Se fue el día sin que pudiera pasar a saludar a mis padres. Vivir a caballo entre dos ciudades tiene sus inconvenientes. Son muchos los compromisos que adquieres a lo largo de las ausencias y, a veces, cuesta trabajo cumplirlos.

Nada más llegar, conecté el ordenador y abrí el correo. Estaba impaciente por saber más de las vicisitudes de los asombrosos personajes que volvían a cruzarse en mi vida. El informe tenía dos apartados. El primero era el más breve. Teo Areces había escalado peldaños de forma meteórica en la organización criminal. Su función principal era la de transportista. Trasladar a las chicas de un lugar a otro y hacer entregas de drogas era el premio a una carrera brillante de agresiones y palizas brutales a más de un corazón rebelde y extraviado. Sus jefes valoraban la gran lealtad demostrada.

La organización de Wagner Soto se hacía con las chicas a través de dos fórmulas distintas. Una de ellas consistía en pagar las deudas contraídas por las víctimas, mujeres que ejercían la prostitución, con otras organizaciones criminales para explotarlas en sus locales de alterne. La otra era la introducción de mujeres procedentes de otros países, que también tenían que saldar la deuda contraída en un viaje de falsas promesas prostituyéndose aquí. La organización tenía establecido un reglamento severísimo que aprovechaba para ampliar la deuda adquirida por las mujeres. Se les sancionaba si llegaban tarde, si la vestimenta no era adecuada o si no conseguían un número de servicios semanales. Se encontraban en un régimen de semiesclavitud difícil de abandonar. Una pesadilla tan real que la mente tardaba en asimilarla. Muchas de esas mujeres tenían la certeza de que solo había dos maneras de sobrevivir en ese mundo injusto: abandonarse al dolor de lo inaceptable o aliarse con él. Pocas cosas tan tristes e irracionales había leído como esta parte del dosier.

En la segunda parte, aparecía un nuevo y siniestro protagonista también conocido. No era algo fortuito. Rafa y el CNI estaban al corriente de esa pequeña gran coincidencia.

A Adira, la entrada a la universidad le brindó la oportunidad de conocer un mundo de sensaciones desconocidas hasta ese momento. Chicos y chicas con inquietudes comunes, asociaciones estudiantiles o fiestas más animadas de las que frecuentaba eran algunas de ellas. Pronto se le aparecieron los fantasmas que anidan en toda relación con sabor a cárcel.

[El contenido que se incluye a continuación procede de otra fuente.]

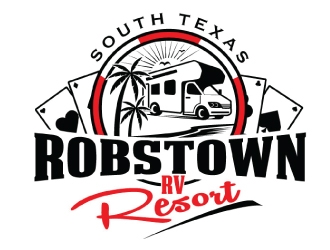 Robstown RV Resort logo design by gogo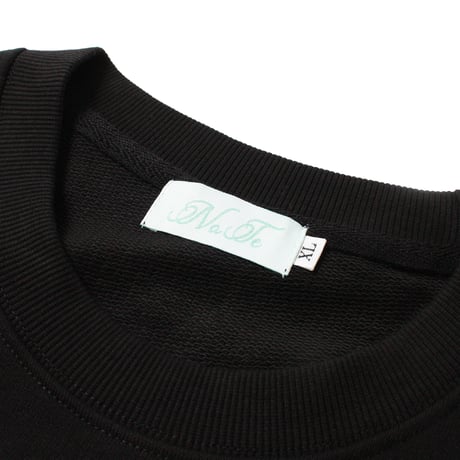 NoTe OG LOGO CREWNECK BLACK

Abdel empezó a vivir un auténtico infierno. No conseguía trabajo. La falta de recursos económicos acrecentaba sus problemas y acentuaba su odio por todo lo que le rodeaba. Su chica se alejaba más y más. Su único refugio era el locutorio regentado por Kadar Adsuar, que cada vez visitaba con más frecuencia.

Cuando leí el nombre de Kadar Adsuar, parte del puzle empezó a encajar. Este siniestro personaje era quien enseñaba a Abdel las suras del Corán, el mismo que le daba más importancia al aprendizaje de dichas suras que a los deberes del colegio.

No soy partidario de impartir la asignatura de religión en las escuelas. Cualquier religión es una cuestión de fe. La fe pertenece al ámbito privado de cada uno y, por lo tanto, debería estar fuera de la logística que lo público ofrece como bien general. En ocasiones, he sido testigo de cómo se manipula la historia o de cómo se miente acerca del futuro de todos los que profesen el credo de la religión en cuestión. Con ello se pretende exacerbar los sentimientos de unos niños inocentes de todo, tremendamente permeables a los razonamientos que carecen de fundamento alguno.

Kadar nació en Rabat en 1969. Llevaba en España alrededor de veinticinco años. Los diez primeros los pasó trabajando en diversas ocupaciones como la hostelería, la construcción o la recolección de frutas y verduras. Los últimos quince, como maestro de religión islámica en diversos centros de Educación Primaria en Córdoba, al tiempo que regentaba el locutorio.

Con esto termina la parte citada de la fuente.